Christian LACROIX – 2005 |
VERT
« Hardie, la brune qui porte le vert ! » disait mon père, mi-amusé, mi-admiratif à la vue d’une femme arborant ces deux qualités. Le vert commence donc par une exclamation. Un interdit ? Une tentation ? Un encouragement secret ?
Vert c’est toi que j’aime vert/ Vert du vent et vert des branches/ Le cheval dans la montagne/ Et la barque sur la mer/ L’ombre jusqu’à la ceinture/ Elle rêve à sa balustrade/ Vert visage cheveux verts/ Prunelles de froid métal/ Vert c’est toi que j’aime vert/ Et sous la lune gitane/ Tous les objets la regardent/ Elle qui ne peut les voir.
J’écoute, dans l’enfance, fascinée par sa voix, Germaine Montero dire ce poème de Lorca. J’en apprends les premiers vers et les récite souvent. J’entends le vert.
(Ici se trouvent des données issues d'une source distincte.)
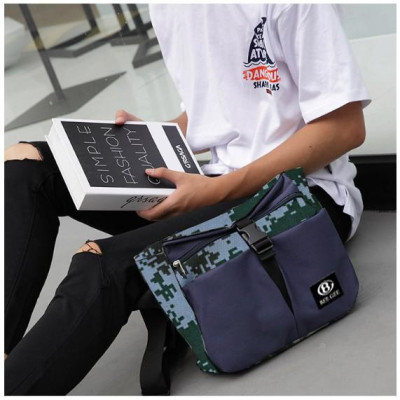  Túi xách đeo chéo nam nữ unisex thời trang Hàn quốc BEE GEE 086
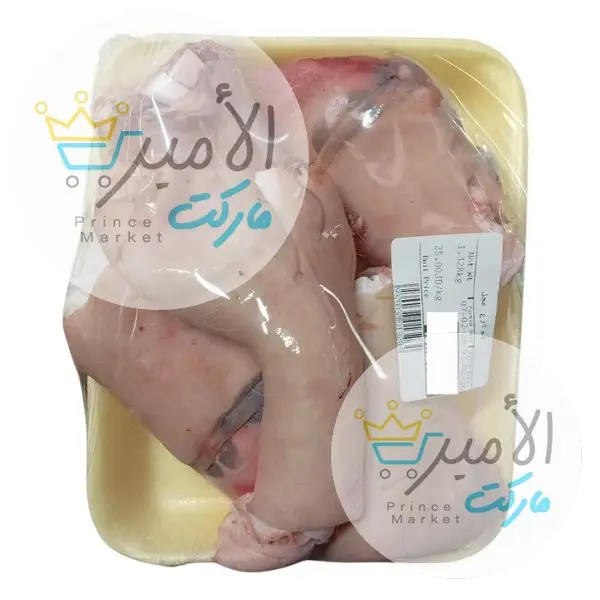 كوارع عجل - الجزار
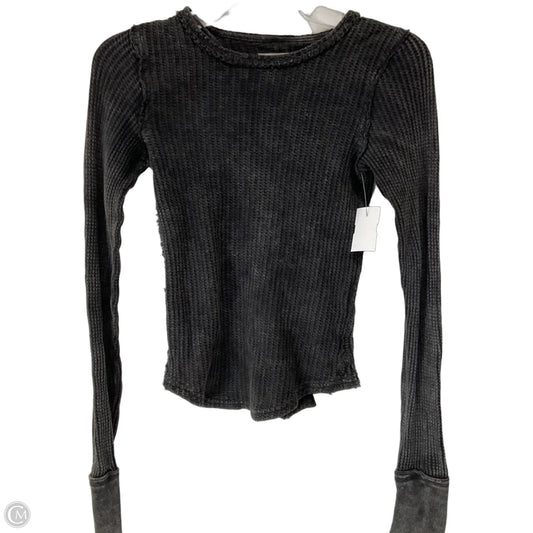 Top Long Sleeve By We The Free In Grey, Size: Xs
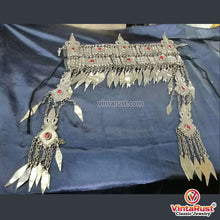 Load image into Gallery viewer, Ethnic Head Piece With Long Dangling Tassels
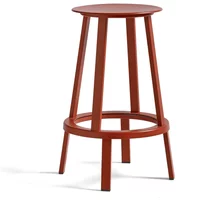 Hay HAY - Revolver Barhocker, H 65 cm, rot
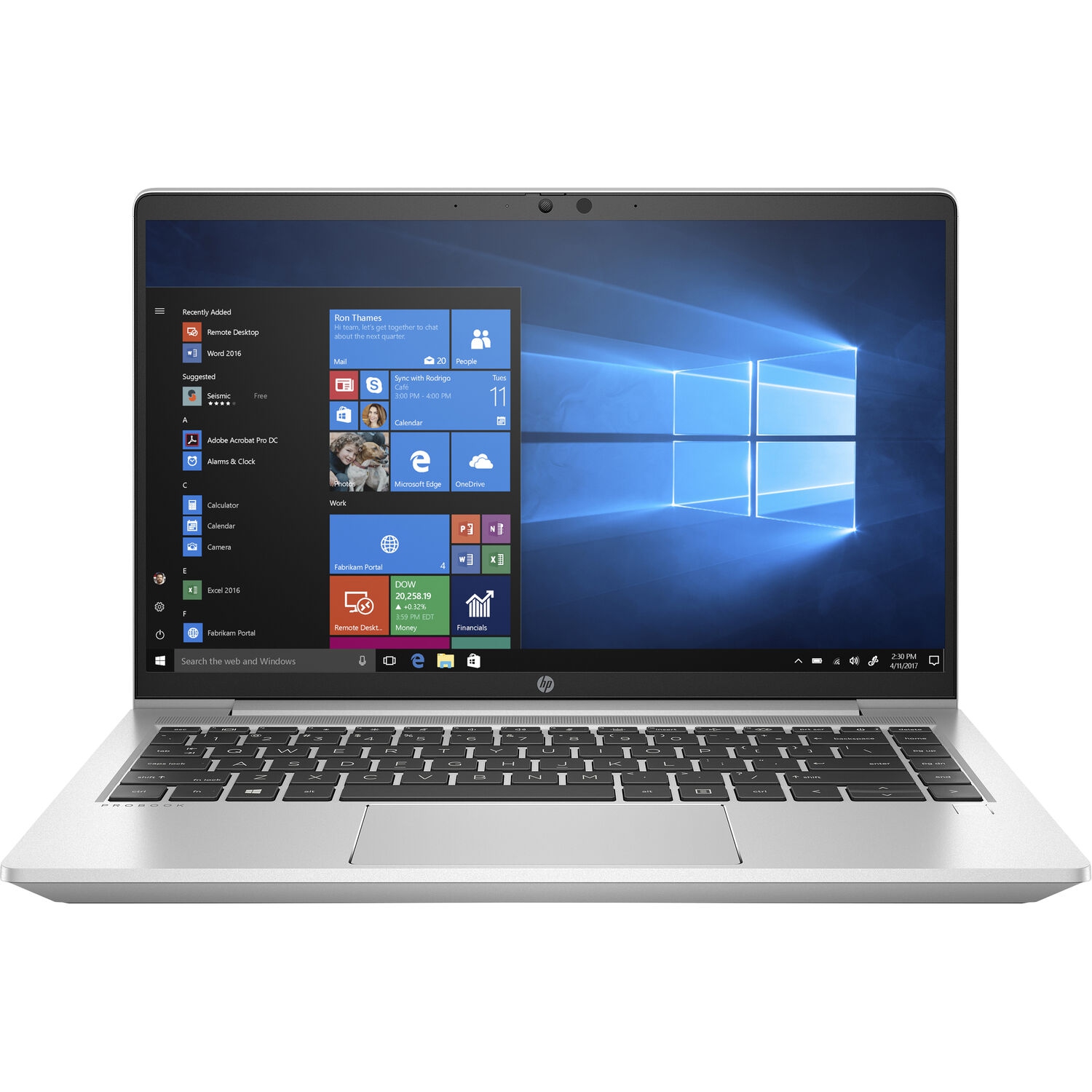 Custom HP ProBook 440 G8 Laptop (Intel i5-1135G7, 16GB RAM, 2TB PCIe SSD, Intel Iris Xe, Win 10 Pro)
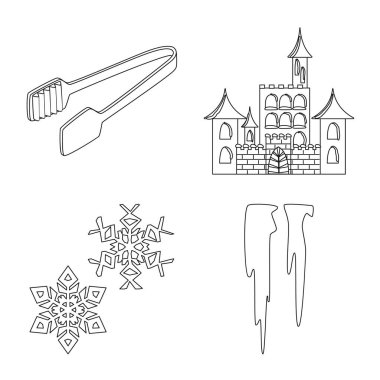 Temiz ve ıslak logo vektör illüstrasyon. Web için temiz ve saflık stok sembolü toplama.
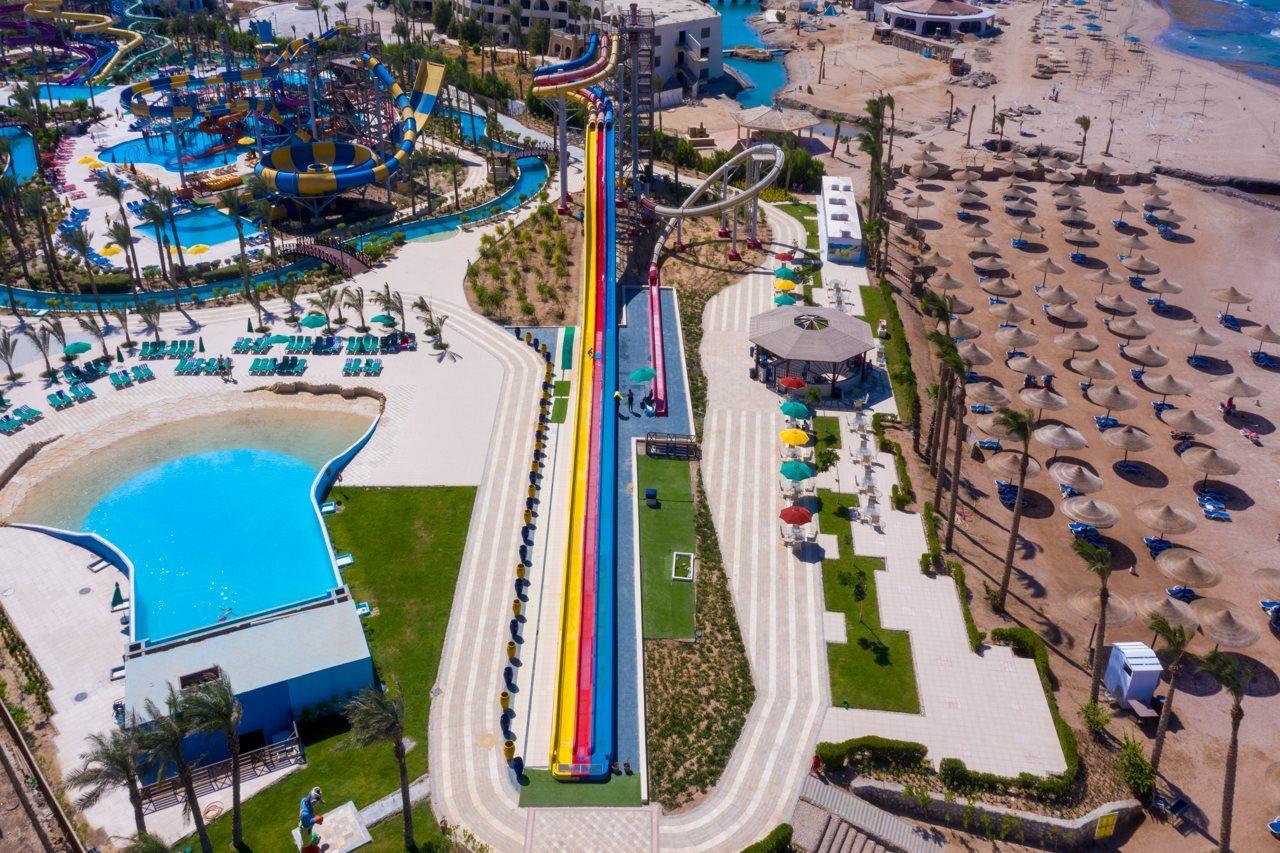 Blend Club Aqua Resort Sahl Hasheesh Exteriér fotografie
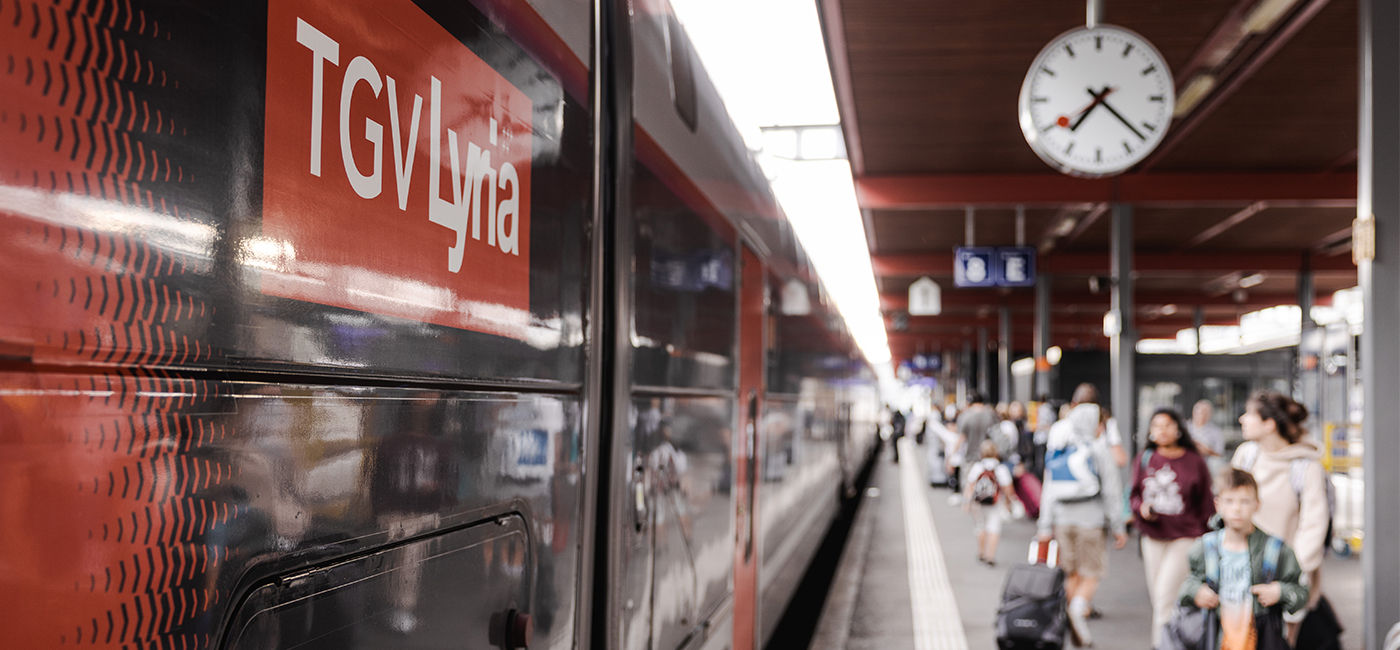 Image: Travel on Lyria between Feldkrich and Paris. (Photo Credit: Rail Europe)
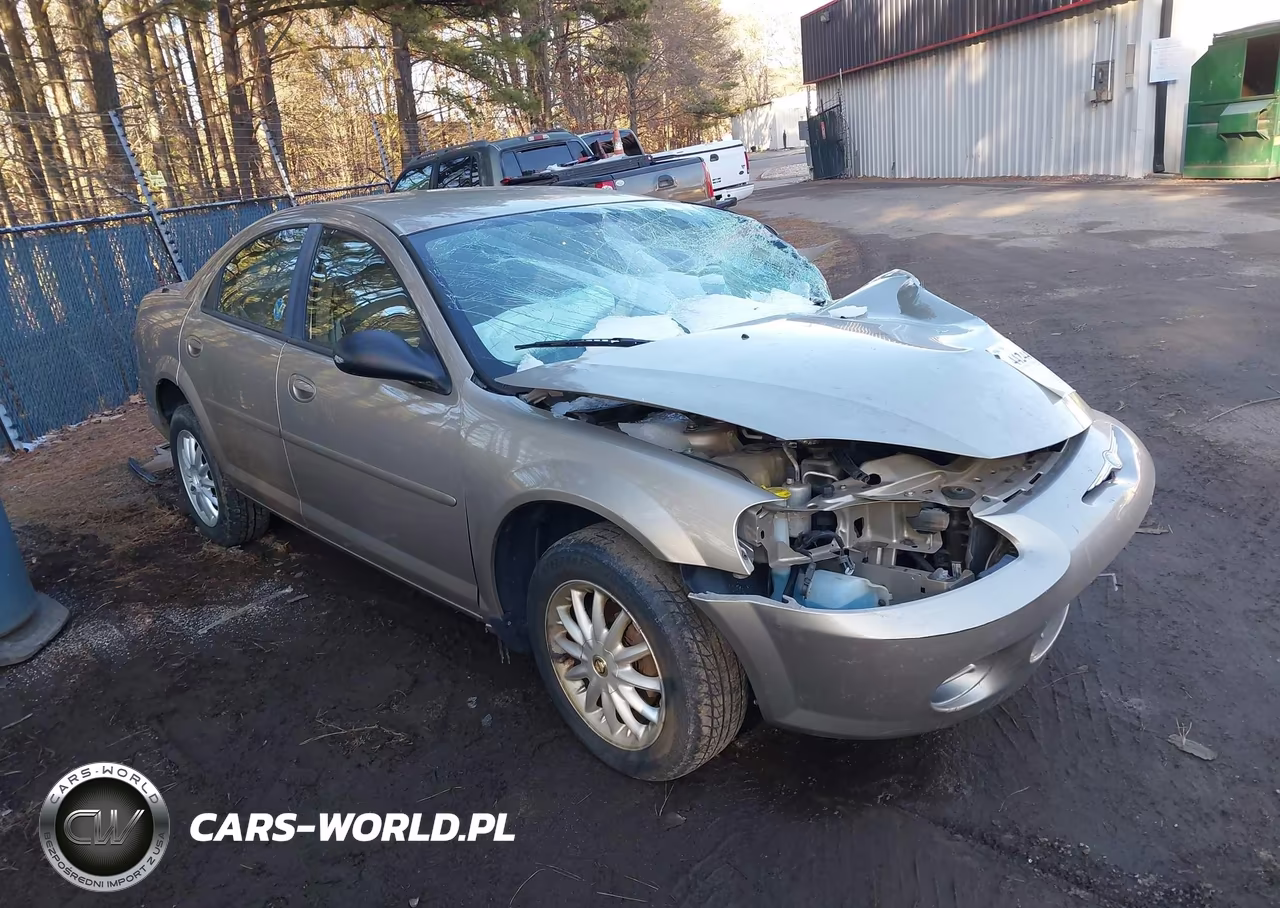 2002 Chrysler Sebring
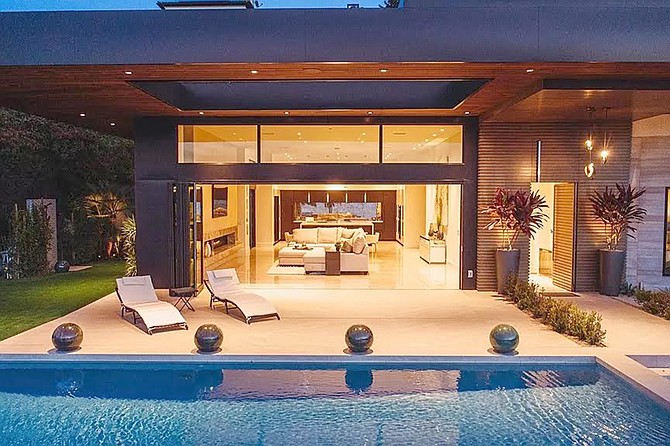 Tired: sliding door. Wired: sliding wall.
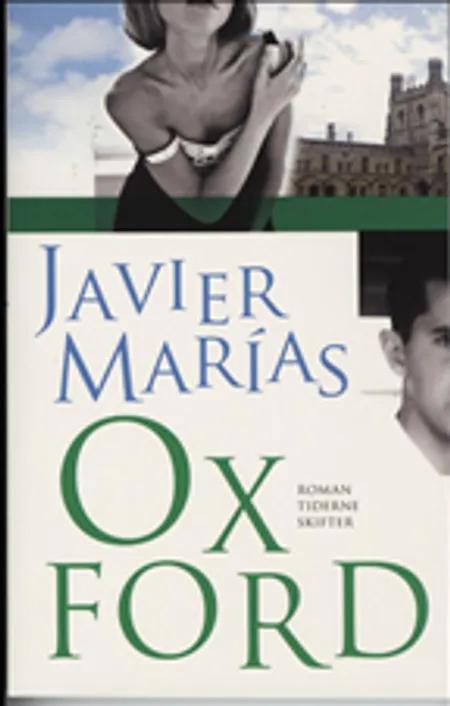 Oxford af Javier Marías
Je porte, à cette époque, un pull de laine vert émeraude, très lumineux, tricoté par ma grand-mère. Il irrite mon cou en y laissant des marques légères d’inflammation.
Dans mon premier appartement, le vert pomme des murs de la cuisine fait écho à Magritte. J’en suis fière. J’admets, avec le temps, qu’il me donne un teint blafard, maladif sous la lampe.
Je garde une photo où B. penche son sourire à la fenêtre de la vieille maison en écartant les volets. Leur vert mousse caresse la glycine.
Au temps du confinement, la respiration du vert se déploie : au jardin, c’est foisonnement d’herbes, de buissons, de feuillages ; le long de la rivière où nous marchons cachés, à l’aube, c’est un enveloppement d’arbres et un fracas d’oiseau.